------ The records ------

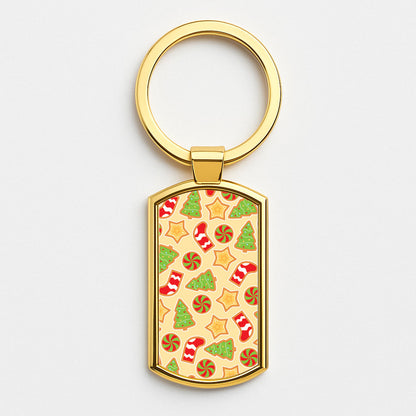 Gingerbread And Stocking Pattern Gold Keyring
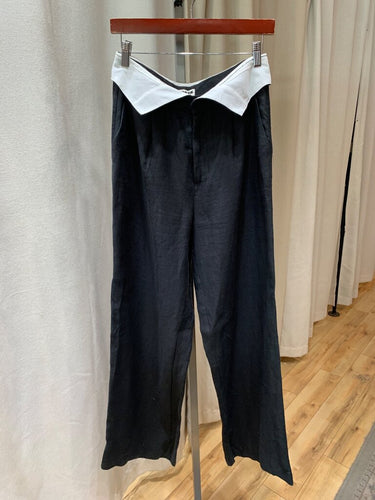 Posis Studio Fold-Over Waistband Wide Leg Pants sz S
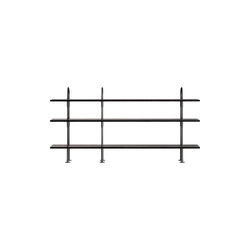 Keen Shelving, black brass/ash veneer, GUBI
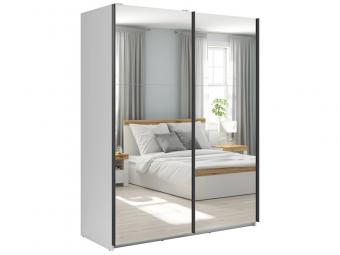 BRW Meble Tetrix SZF153/2L tolóajtós gardróbszekrény - fehér/fényes fehér Elemes hálószobák
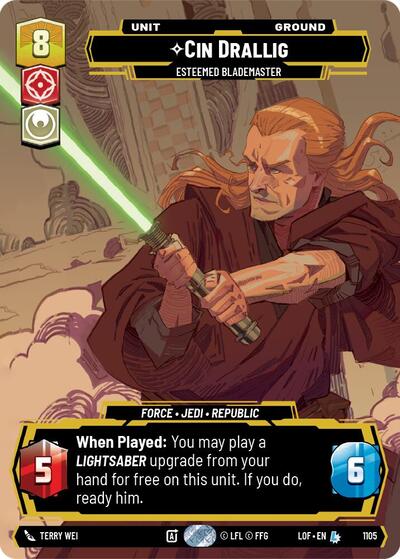 Cin Drallig - Esteemed Blademaster (Prestige Foil) Legends of the Force Legendary Star Wars Unlimited card — value and price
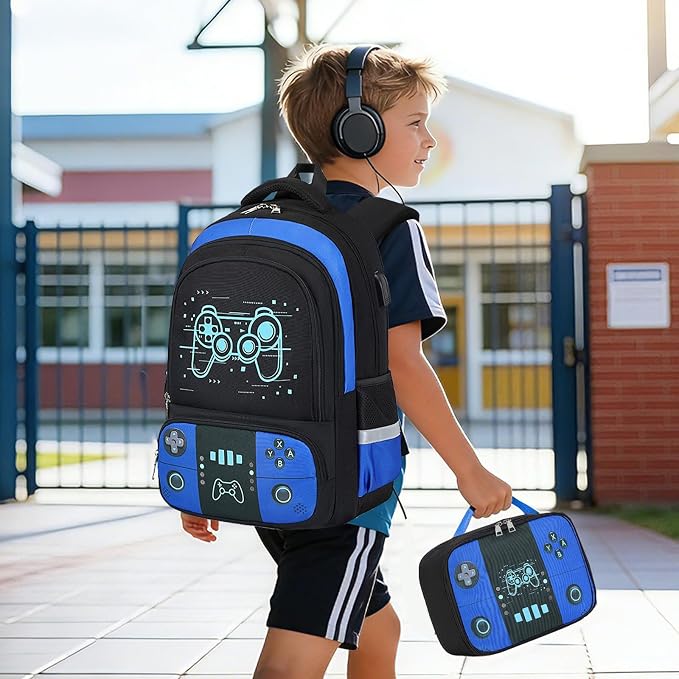 Backpack for School Boys, Cool Luminous Gamer Boys Schoolbag | with Lunch Box & Pencil Case Set for Kids Teens Elementary Middle School, Bookbag Glow In The Dark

------

Exercise prompt
What is the exact wording of the lines from the one bearing "BRW Meble Tetrix" through the final line of the records above? Write it out without the pictures.

Task answer
 BRW Meble Tetrix SZF153/2L tolóajtós gardróbszekrény - fehér/fényes fehér Elemes hálószobák
 Cin Drallig - Esteemed Blademaster (Prestige Foil) Legends of the Force Legendary Star Wars Unlimited card — value and price
 Backpack for School Boys, Cool Luminous Gamer Boys Schoolbag | with Lunch Box & Pencil Case Set for Kids Teens Elementary Middle School, Bookbag Glow In The Dark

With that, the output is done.